È pur vero che molti cercatori spariscono appena finisce la stagione dei funghi, per non farsi rivedere per un altro anno. E questo è anche un peccato: è salubre passeggiare nei boschi ad ogni stagione: mentre il gelo avvolge le poche foglie secche ed il cielo azzurro elettrico ci accompagna; fra la nebbia leggera della stagione nuova; al risveglio dei ruscelli e dei germogli; nel pieno del vigoroso caldo estivo, per cercare refrigerio e pace. E il bosco andrebbe vissuto e conosciuto, frequentato in modo da farlo diventare davvero “nostro”, fino ad esserne parte, a conoscerlo, e conoscere evidentemente chi ci vive e ci lavora, conoscendone le essenze, le leggende e le proprietà. Entrare in un bosco da padroni, solo perché ne abbiamo diritto, è poco.
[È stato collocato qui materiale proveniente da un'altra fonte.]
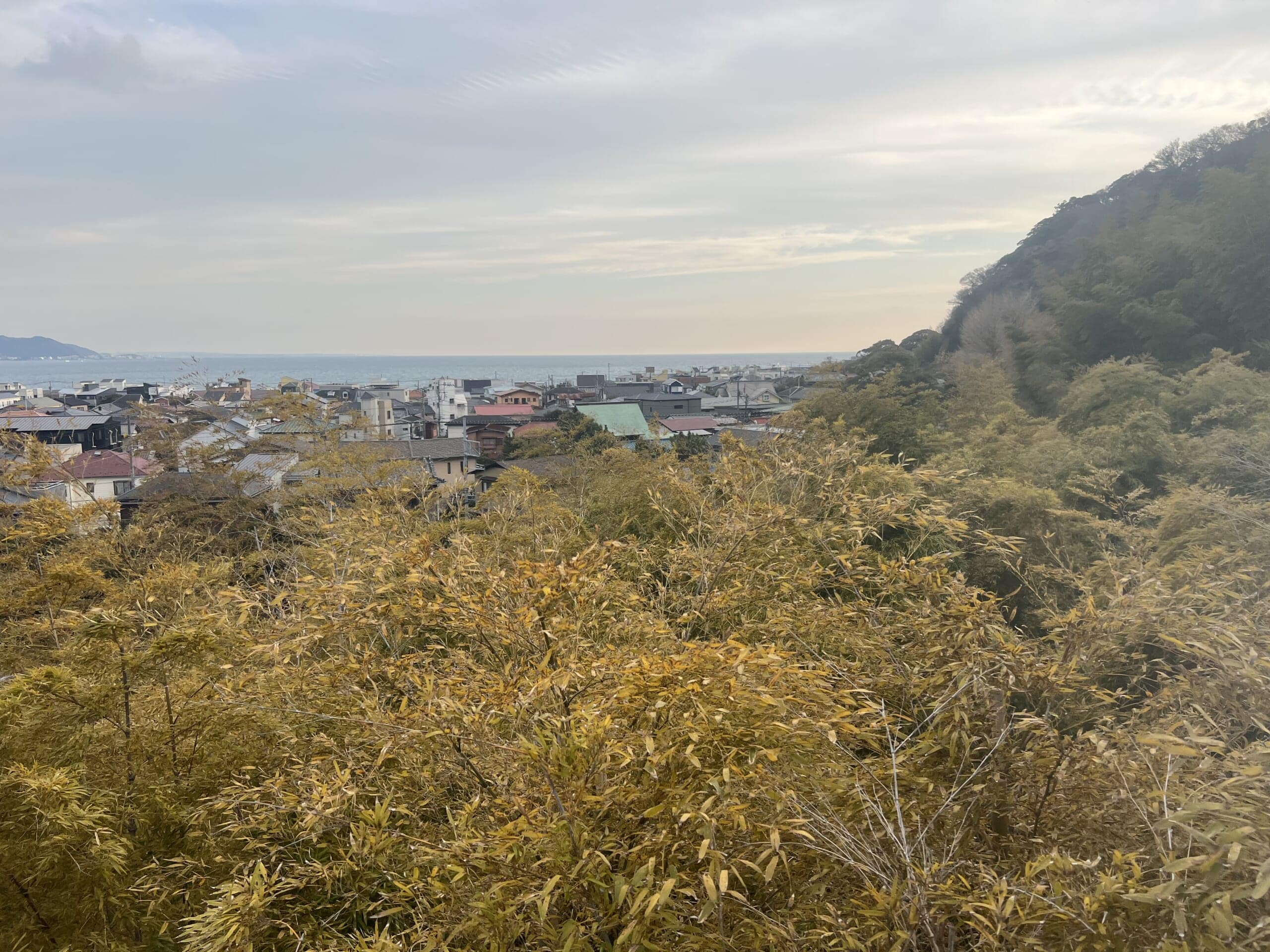 【鎌倉】さんぽ。ときどき、よりみち。神社仏閣・食べ歩き・お買い物。TB icoco
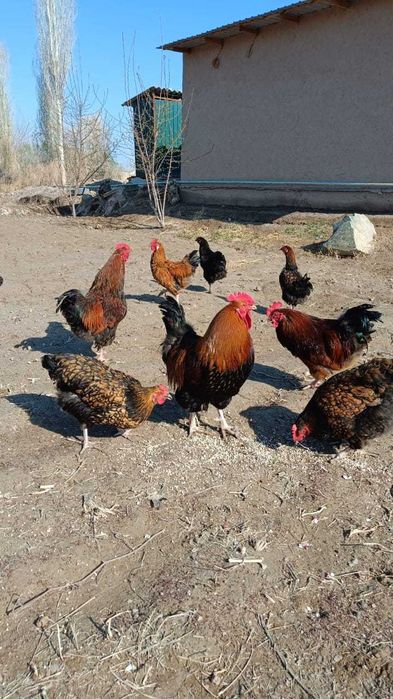 Kuchenskoye yubileynoye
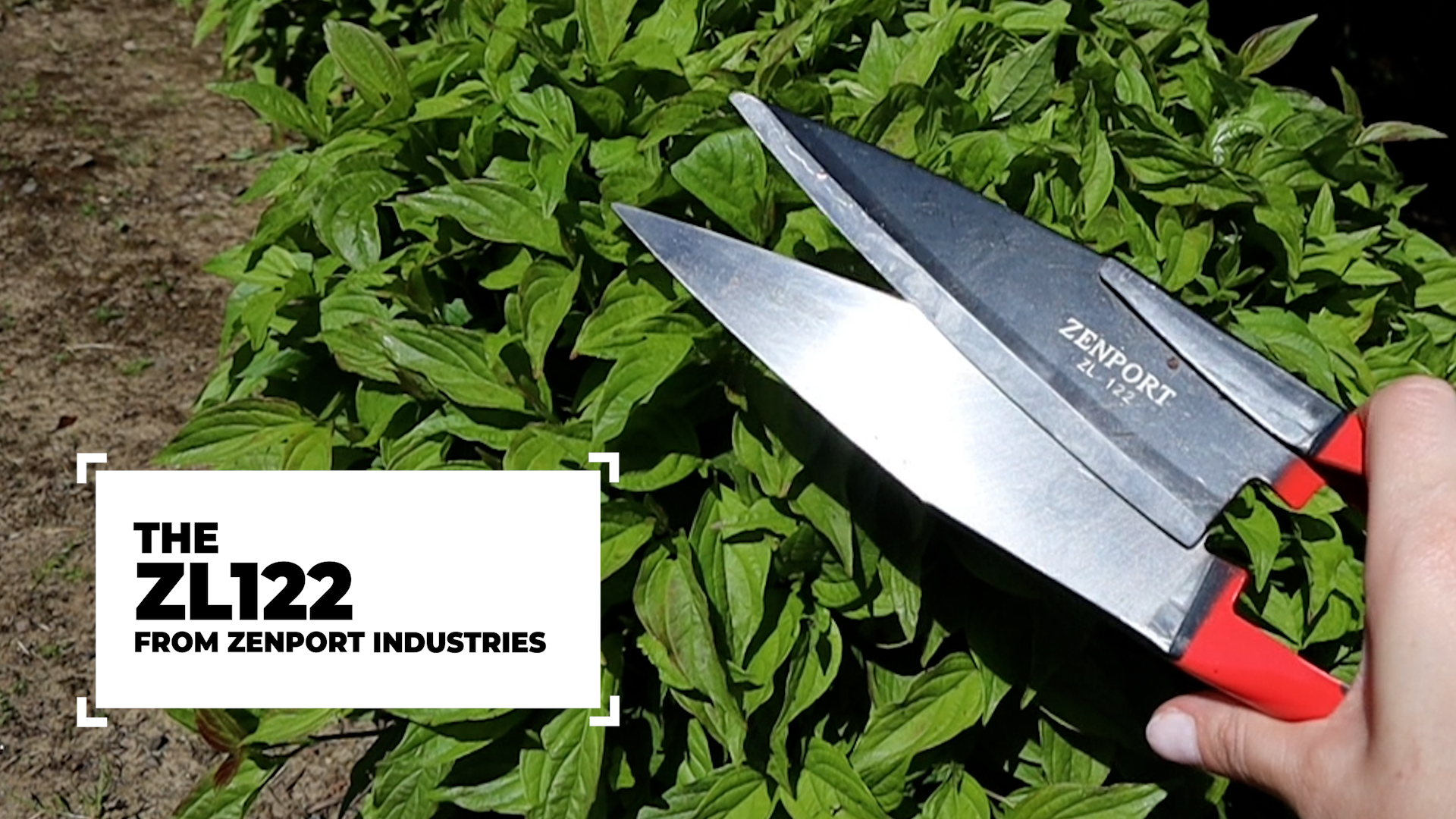 Amazon.com : Zenport ZL122 Heavy Duty Onion & Sheep Shears – 13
Ben ricordando a chi pratica il taglio degli pneumatici che commette un reato, che è uno sfregio odioso e vigliacco, e che bisogna sempre trovare una strada per convivere meglio che si può, facendosi sentire, partecipando, discutendo, facendo conoscere agli altri le nostre ragioni. Aspettando infine che la politica si occupi ANCHE di questo, pure se sembra un problema marginale, cioè quello di fare sentire il bosco, il paesaggio, davvero un bene comune per trecentosessantacinque giorni all’anno.